Stored data:
══════════════════════════════

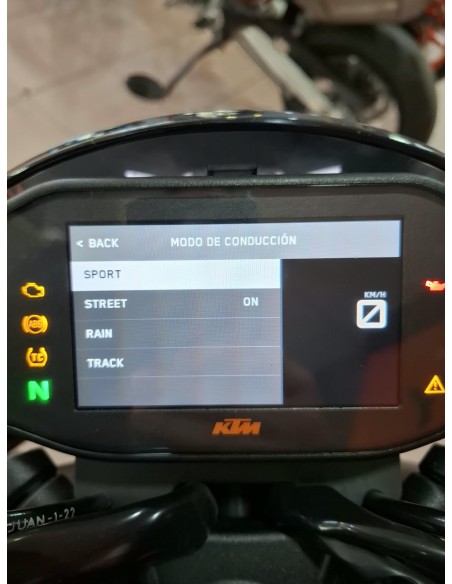 KTM 890 Duke GP 2022 | 12.865 km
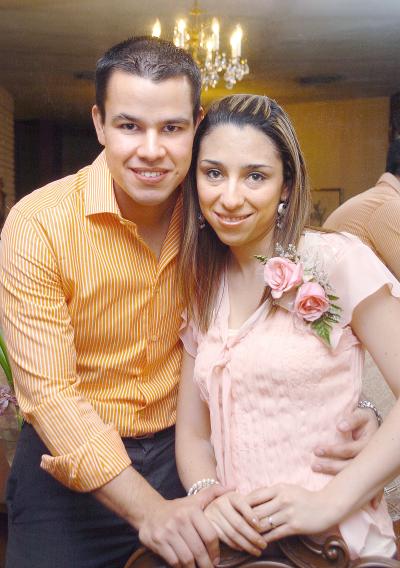 18042006 
Marcelo Sifuentes López y Rocío Quiroga Oranday.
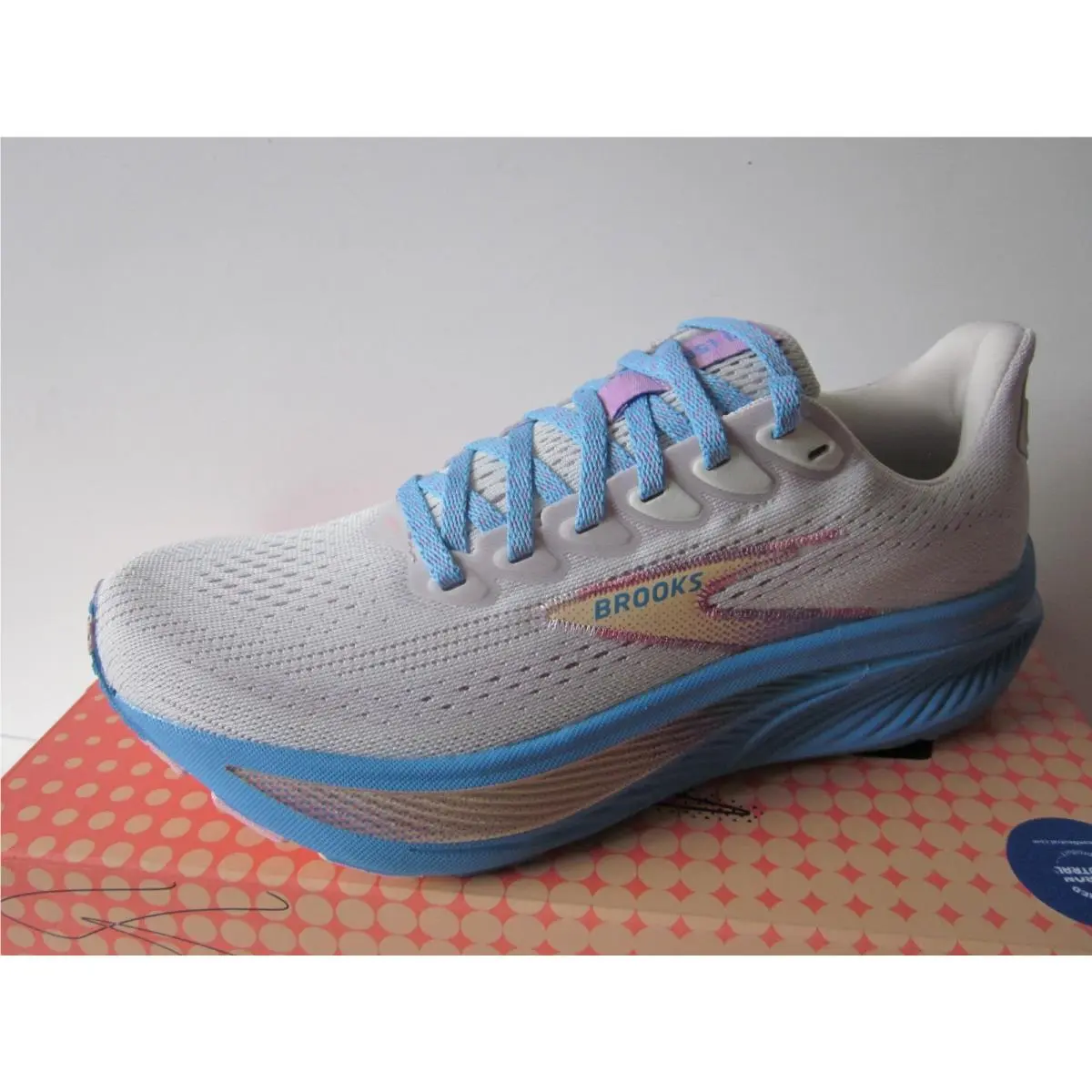 Brooks shoes - Brooks Ghost 17 - Ghost - Multicolor 4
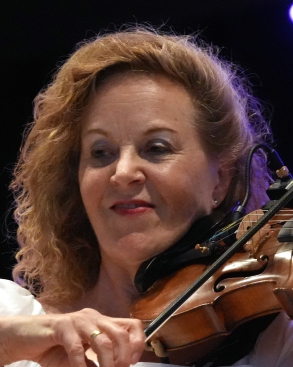 Petra-Manon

══════════════════════════════

Set the entries down again exactly. Do not include the images.

 KTM 890 Duke GP 2022 | 12.865 km
 18042006 
Marcelo Sifuentes López y Rocío Quiroga Oranday.
 Brooks shoes - Brooks Ghost 17 - Ghost - Multicolor 4
 Petra-Manon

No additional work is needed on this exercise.